The challenges regarding data production

César Guadalupe
Universidad del Pacífico





Abstract This article identifies some major issues regarding the generation and availability of data on youth and adult education. It discusses the production of data on programmes and enrolment, as well as financing and issues related to the identification of the target populations. A special focus is set on the realm of testing skills and competences, given their complexity as well as the paramount profile and importance that they have acquired in recent years. The article stresses the fact that technical attributes of data generation endeavours are contingent upon their purposes. A non-technocratic and more politically-sensitive approach to data generation is promoted.

Systematic data on youth and adult education are scarce, and their quality is often not properly documented or known. This is somewhat typical of a field that is too often overlooked, also in educational policies.

Apart from neglecting practices, there might be other factors preventing the development of a body of evidence that can play a role, not only regarding the analysis and debates on youth and adult education, but also in raising its profile.

This article looks at four areas in which data are scarce or not systematic: (i) programmes and enrolment data; (ii) learning outcomes; (iii) population to be served; and (iv) financing.

Each of these areas faces particular issues. Understanding them will enable stakeholders to better align their data-­related activities by having an organised frame of ref­erence.

Educational programmes and enrolment

Youth and adult education programmes are highly diverse in the way they are organised and delivered, as well as which agencies are involved in organising and delivering them. The purposes that they aim to serve are equally diverse. In comparison to regular school programmes for children, however, the world of youth and adult education seems to be much more difficult to grasp.

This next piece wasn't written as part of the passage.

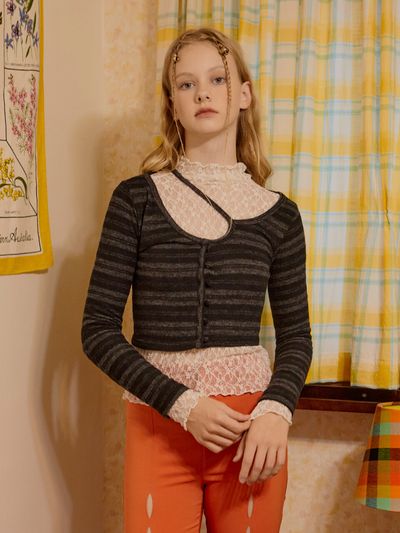 FABER FINGER Cross Line Crop Knit Top_Black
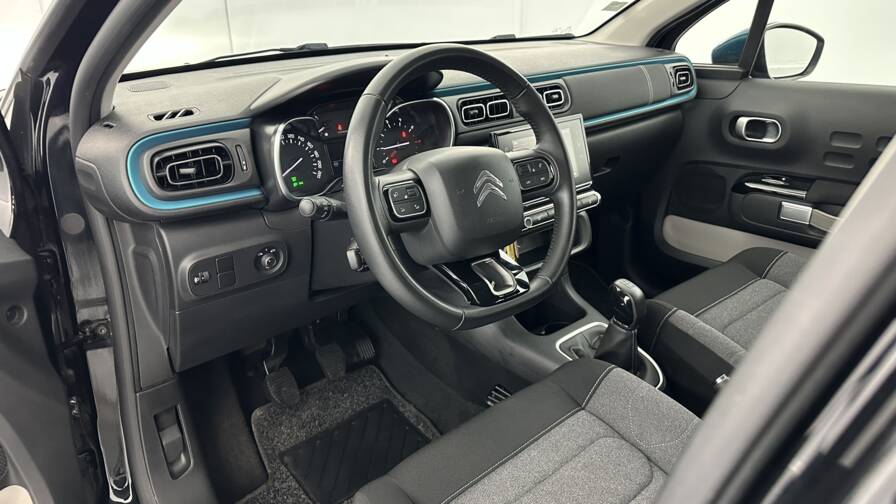 Mandataire Automobile occasion, recherche de Citroen C3-iii-1-2-puretech-83ch-shine - E-Motors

We can nevertheless sort youth and adult education programmes into three main categories: (i) programmes that are equivalent to those recognised as “official” in the country, that is leading towards official certifications that open up opportunities for further studies in the formal education system; (ii) programmes with specific purposes that serve specific needs and do not lead to formal certifications; and (iii) a combination of the first two.

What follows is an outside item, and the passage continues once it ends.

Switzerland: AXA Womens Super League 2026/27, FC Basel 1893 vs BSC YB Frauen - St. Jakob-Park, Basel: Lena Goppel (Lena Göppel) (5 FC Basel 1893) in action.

The first group of programmes can be mapped into the national qualifications structure, and into the International Standard Classification of Education (UNESCO/UIS 2013). The organisation of enrolment and graduation records should facilitate that transfer. The second group of programmes represents a different challenge, since there is no need to map them into formal tracks, unless a standard compilation of data is needed for some specific purposes. In this case, a flexible classification scheme that acknowledges the nature of these programmes (as continuing education not leading to formal certificates) is called for.

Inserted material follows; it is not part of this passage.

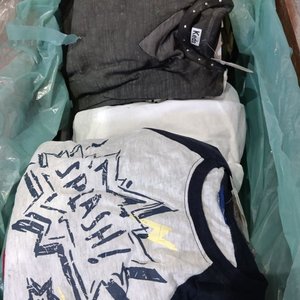 Lote siguiente: Lote de 50 Prendas de Ropa para Niño Nuevas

In both cases (as well as in those cases that combine the two), agreement among stakeholders is needed. Some might need to accept that data generation might not have the exact form that they would like it to, but that there is a more general benefit stemming from being able to portray a comprehensive and reliable map of youth and adult education programmes in general.

As soon as the previous issue is sorted out, we need to focus on recording enrolment information. Here we must differentiate between two distinct observational units: (i) individuals and (ii) units of service (individuals served by a given programme). A typical issue stems from confounding these two things: An individual can be registered in more than one programme, and this individual should therefore be counted as one (if the focus is placed on headcounts), but there might be many units of service. Adding up participants in different programmes does not necessarily yield a total number of participants as individuals. The only exception is when enrolment in a given programme precludes enrolment in another programme in a given period of time.

“Measuring learning outcomes is probably the most difficult and most debated area of data generation in education.”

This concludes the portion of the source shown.